The multilevel model allows us to analyse the relationship between the latent trait value of individual i to course g, denoted hereinafter as $z_{ig}$, and students’ characteristics ($\varvec{x}_{ig}$) and other variables at different level of the analysis, such as course characteristics or other compositional variables ($\varvec{z}_{g}$)

$$z_{ig}=\alpha +x_{ig}'\beta + z_{g}' \gamma + u_g+ \epsilon _{ig}.$$

(2)

In Eq. 2, $u_g\sim N(0, \sigma ^2_u)$ is a random term at course level (level-2) shared by students who evaluate the same teacher/course. It captures the deviation of course g from the ground intercept $\alpha$; $\epsilon _{ig}\sim N(0, \sigma ^2_\epsilon )$ is the individual (level-1) residual term. The unexplained variance in z values is split in the between course variance $\sigma ^2_u$ (Between) and the within course variance $\sigma ^2_\epsilon$ (Within). The share of the first component on the sum of both components (called Intra Class Correlation Coefficient) provides a measure of the degree of correlation between responses provided by two students which evaluate the same course. The effect of observing dependencies between ratings of students who belong to the same degree program, department or faculty can be easily modelled in the analysis by generalizing Eq. 2 to consider further levels of clustering of the units, as degree programs or faculties at level-3. In this way the similarity in the responses is captured by adding further random terms which are shared by courses which belong to the same degree program or faculty.

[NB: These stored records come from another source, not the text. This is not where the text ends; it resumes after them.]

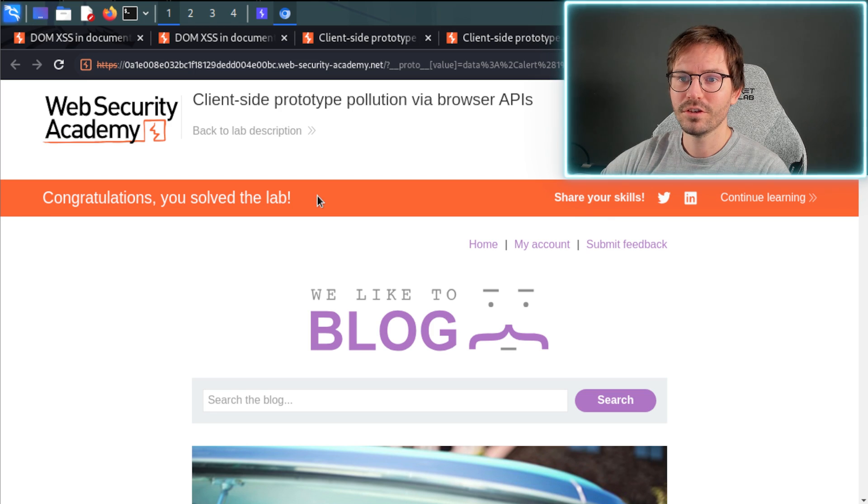And congratulations, we solved the lab! So that's it for this video. And if you still have questions, you can ask us live at one of our streams every Tuesday and Wednesday here on YouTube. And of course, if you enjoyed the video, don't forget to like and subscribe and I'll catch you next time.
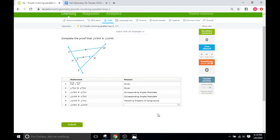Hello and welcome back to IXL Tutorials. This is Mr. Duffick and today we are doing IXL D7, which is the second IXL involving proofs pertaining to parallel lines.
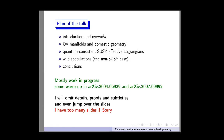So this is the plan of the talk. I will first give a general overview of the problem. Then I introduce some geometrical tools, which I apply first to the problem of quantum consistency of supersymmetric effective Lagrangians. And then hopefully I will say something about the non-supersymmetric case.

3 An integrated strategy of analysis

The main advantage related to the use of the IRT models is that different latent trait values are estimated for individuals with different response patterns. Thus, this approach overcomes the issues related to the definition of a weighting scheme and a scaling method for combining responses to the ordinal variables in an overall metrical indicator. Furthermore, these models allow to: (i) study the properties of the scale of measurement; (ii) remove redundant items or categories; (iii) provide values of the latent trait in the continuum by treating the data as categorical; and (iv) assess the degree of reliability of the estimates across the different segments of the latent trait. The indicators based on descriptive measures proposed in the literature in the last decades to analyse SET questionnaires leave some of these aspects opened (e.g. the choice of a weighting system, uncertainty, etc.), or focus just on some of these aspects (e.g. the validation of a scaling method).

On the other hand, the use of multilevel analysis to analyse SET data allows to: (i) assess the variability in students’ ratings that is ascribable to the nesting of students in higher levels (e.g. courses, departments, faculties, etc.); (ii) evaluate how much of this variability is explained by differences in students’ composition with respect to socio-demographic characteristics and previous education background across courses and how these characteristics are related to students’ perceived quality; and (iii) provide adjusted measures of the quality of university courses suitable to make comparisons among them.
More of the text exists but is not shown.